*** Block opens ***

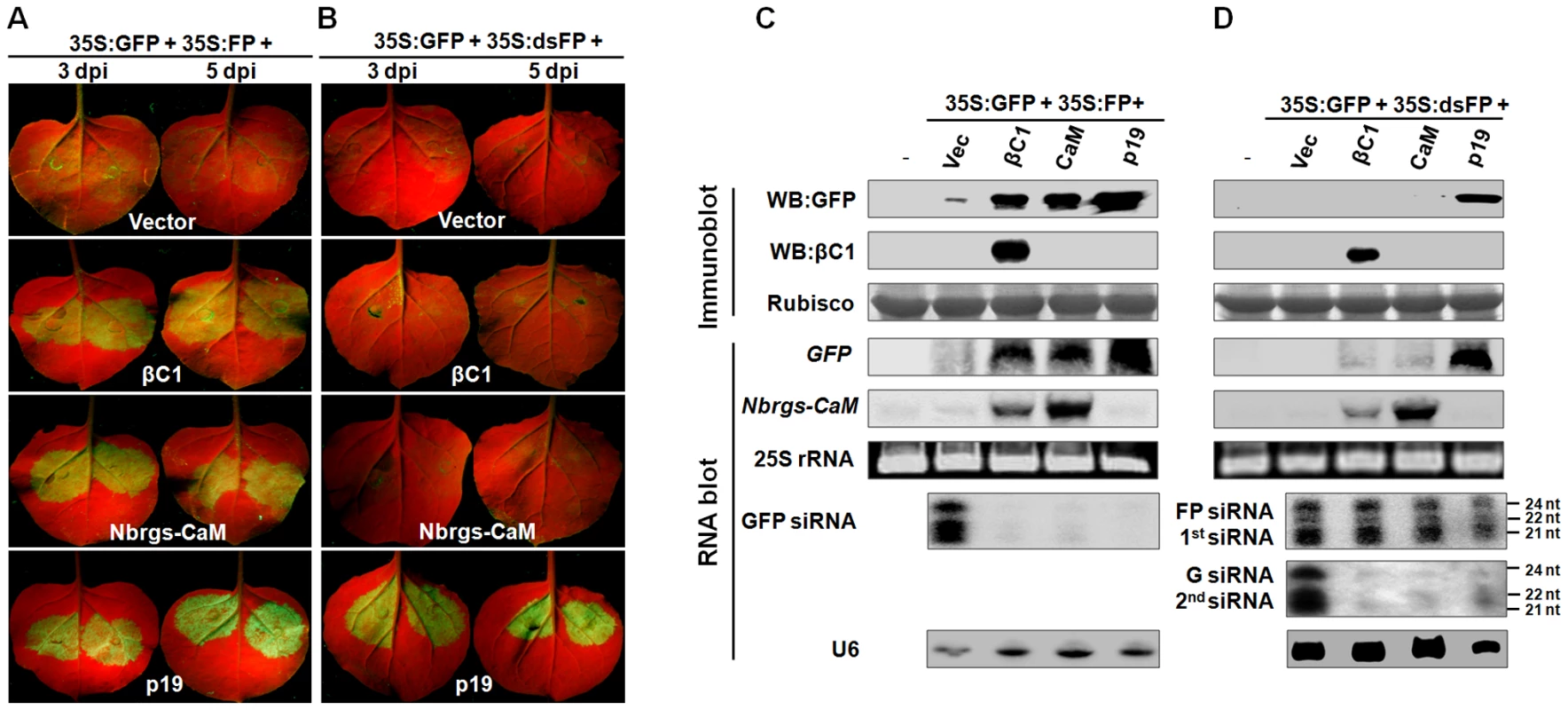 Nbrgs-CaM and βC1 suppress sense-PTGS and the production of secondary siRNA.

*** Block closes ***
*** Block opens ***

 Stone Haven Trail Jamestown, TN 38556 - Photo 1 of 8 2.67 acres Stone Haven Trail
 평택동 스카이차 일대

*** Block closes ***
*** Block opens ***

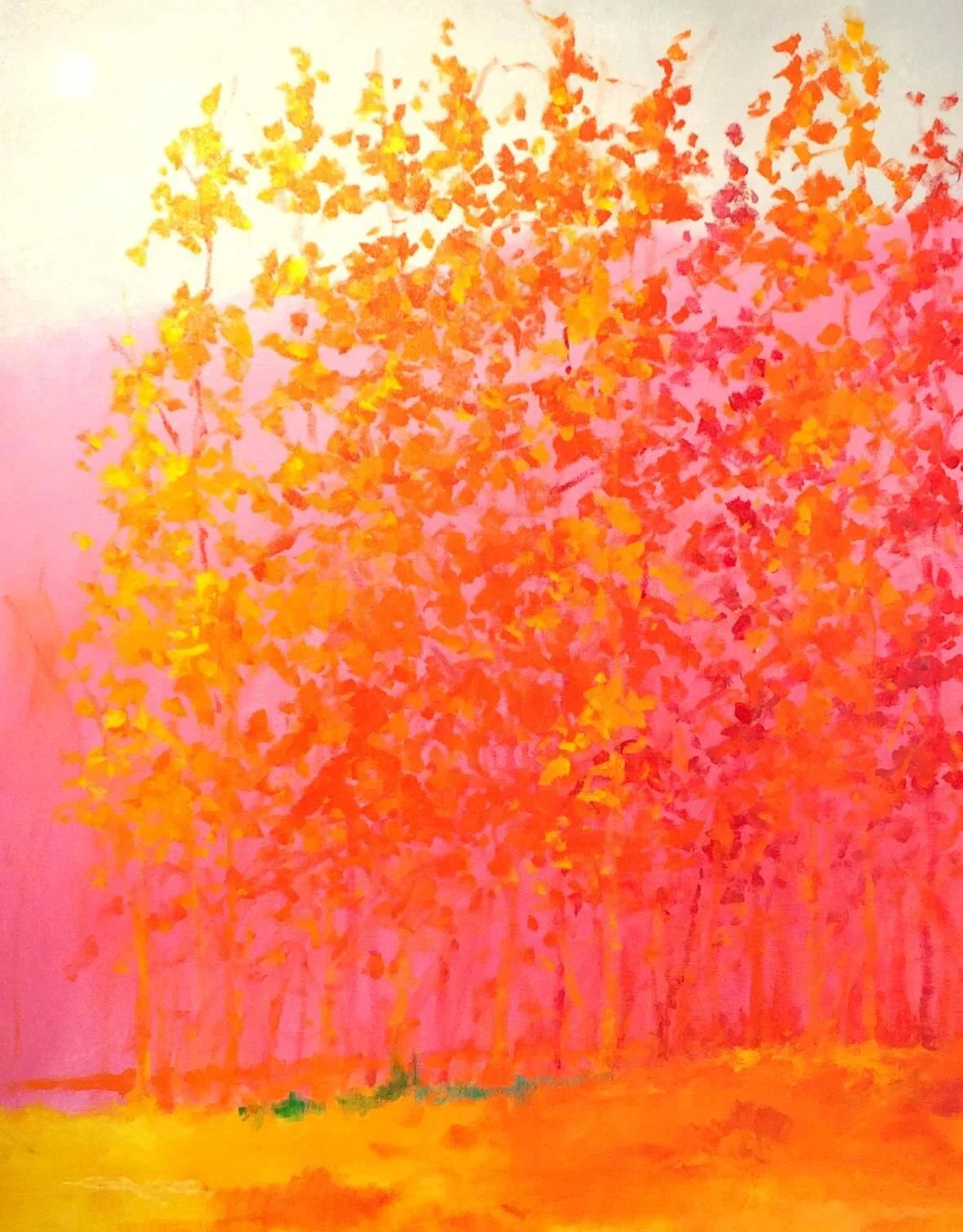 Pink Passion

*** Block closes ***

**Problem requirements:**
Within the material above, the line with "Stone Haven Trail Jamestown, TN" opens the range and the line with "평택동 스카이차 일대" closes it; reproduce that range word for word.

**Solution for this task:**
 Stone Haven Trail Jamestown, TN 38556 - Photo 1 of 8 2.67 acres Stone Haven Trail
 평택동 스카이차 일대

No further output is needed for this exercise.